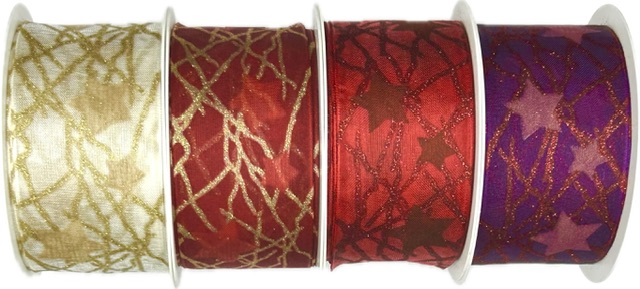 Stuha vánoční LUMINOUS STARTRAIL CRIMSON RED červená 40mm x 3m (12,-Kč/m)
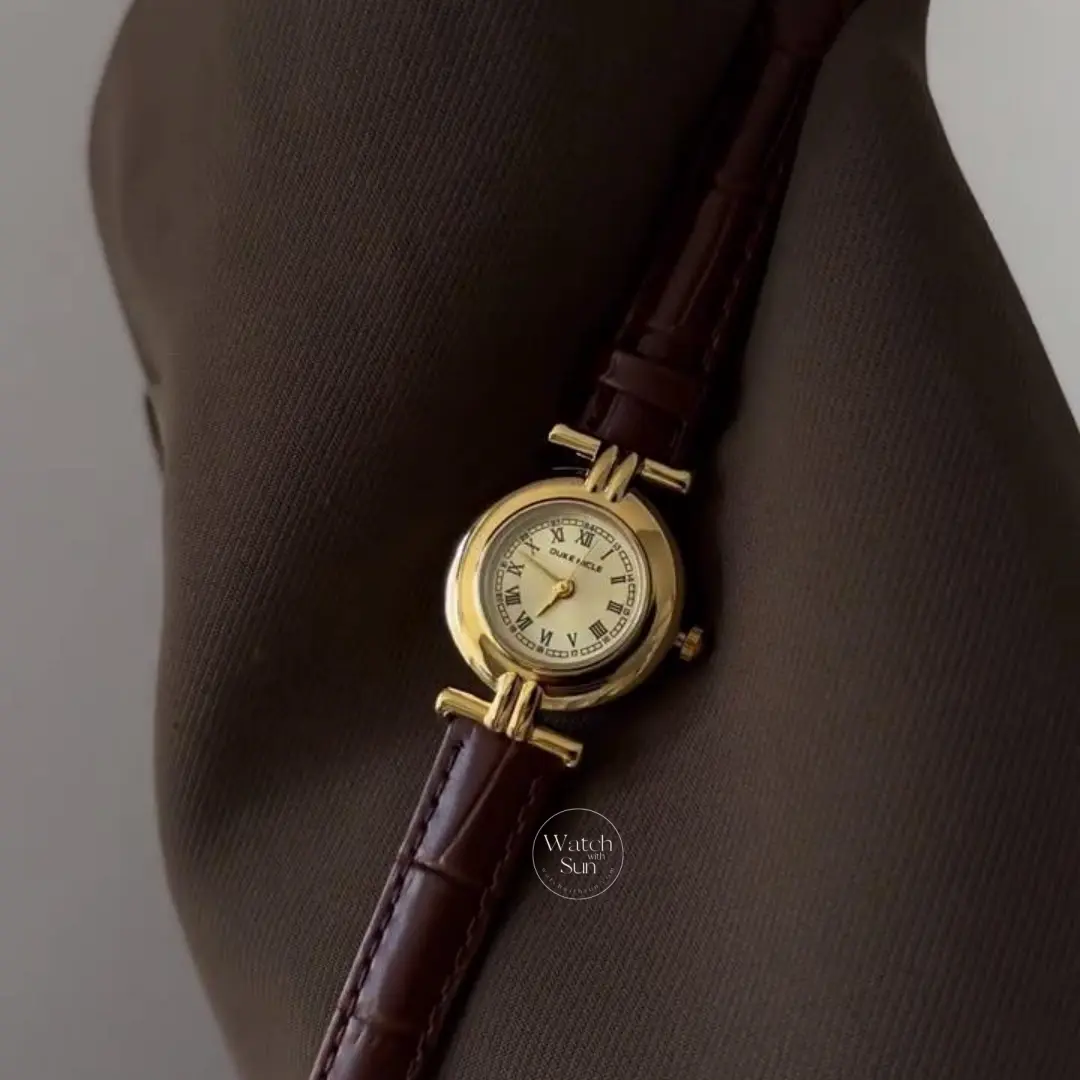 Vintage-inspired Gold Roman Numeral Dial Brown Leather Strap Watch for Women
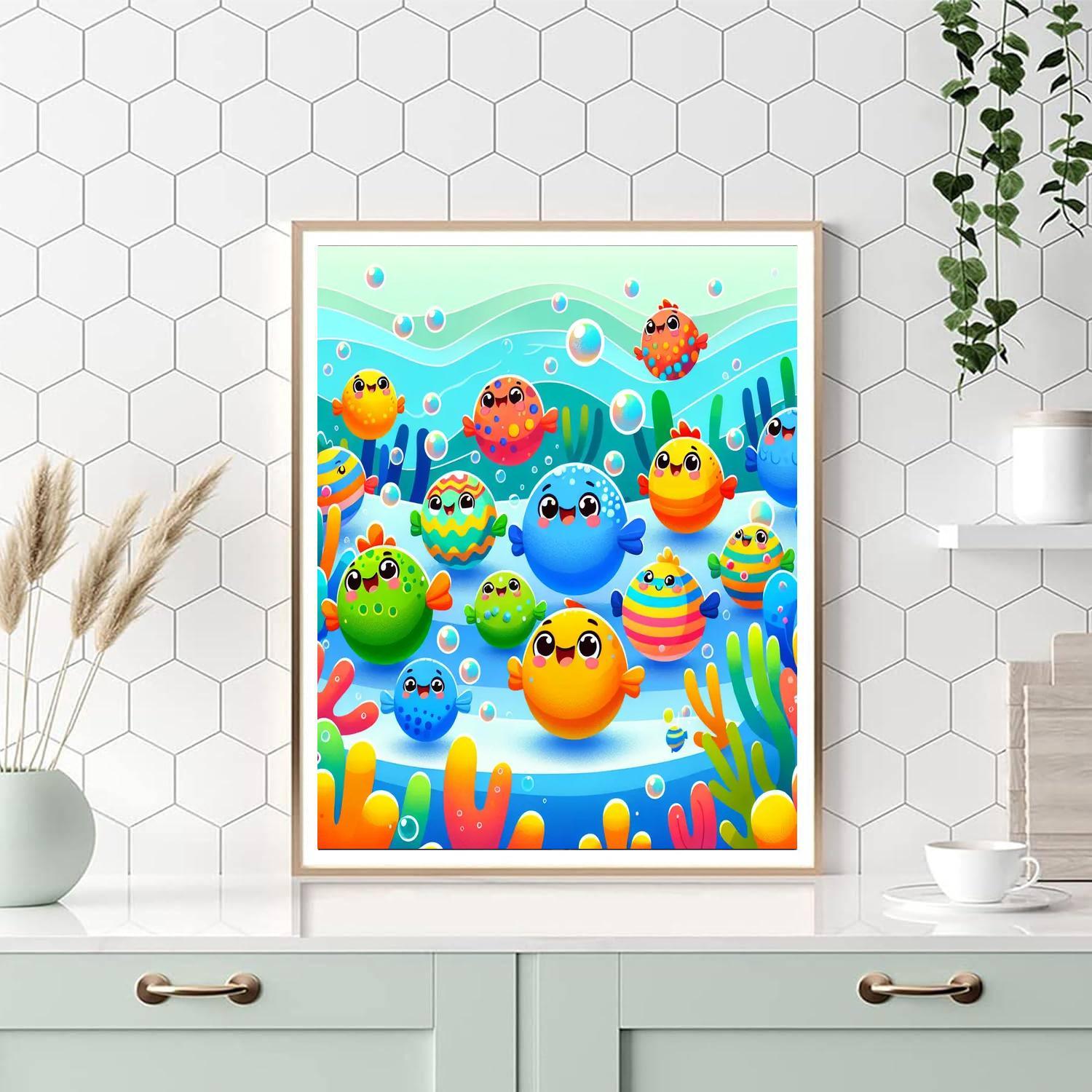Rainbow Fish Party Painting Number Kit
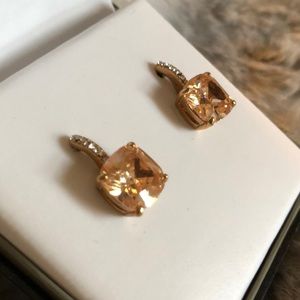 CBC Rose Gold CZ Princess Cut Drop Earrings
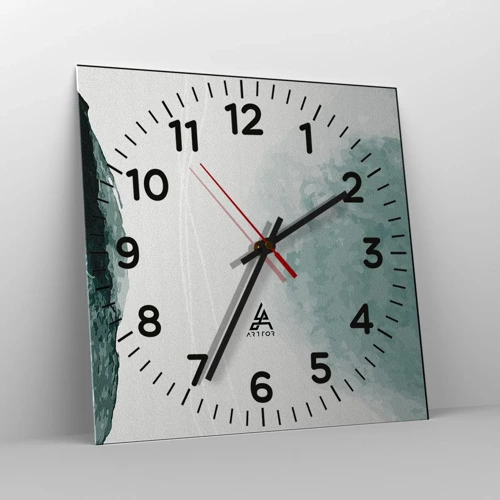 Wall clock - Clock on glass - Encounter With Fog - 40x40 cm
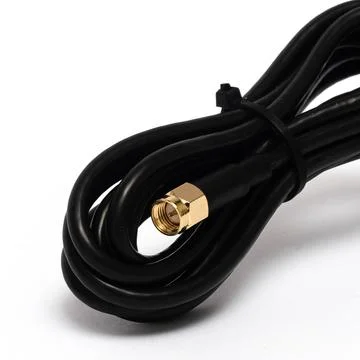 Black antenna with cable coiled tall Stock Photos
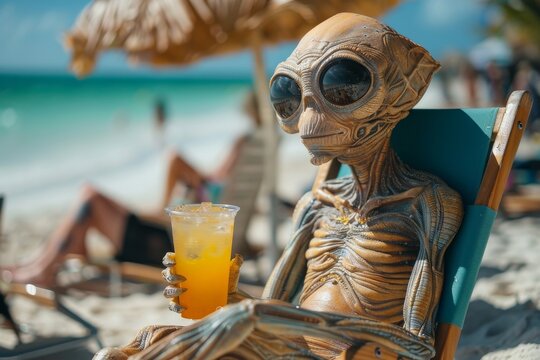 A fantastical alien figurine lounges leisurely on a beach chair, sipping on a cold glass of orange juice, evoking a surreal holiday experience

........

**INSTRUCTIONS FOR THE TASK:**
Please give back the material above exactly as written, pictures omitted.

**SOLUTION TO THIS TASK:**
 Stuha vánoční LUMINOUS STARTRAIL CRIMSON RED červená 40mm x 3m (12,-Kč/m)
 Vintage-inspired Gold Roman Numeral Dial Brown Leather Strap Watch for Women
Rainbow Fish Party Painting Number Kit
 CBC Rose Gold CZ Princess Cut Drop Earrings
 Wall clock - Clock on glass - Encounter With Fog - 40x40 cm
 Black antenna with cable coiled tall Stock Photos
 A fantastical alien figurine lounges leisurely on a beach chair, sipping on a cold glass of orange juice, evoking a surreal holiday experience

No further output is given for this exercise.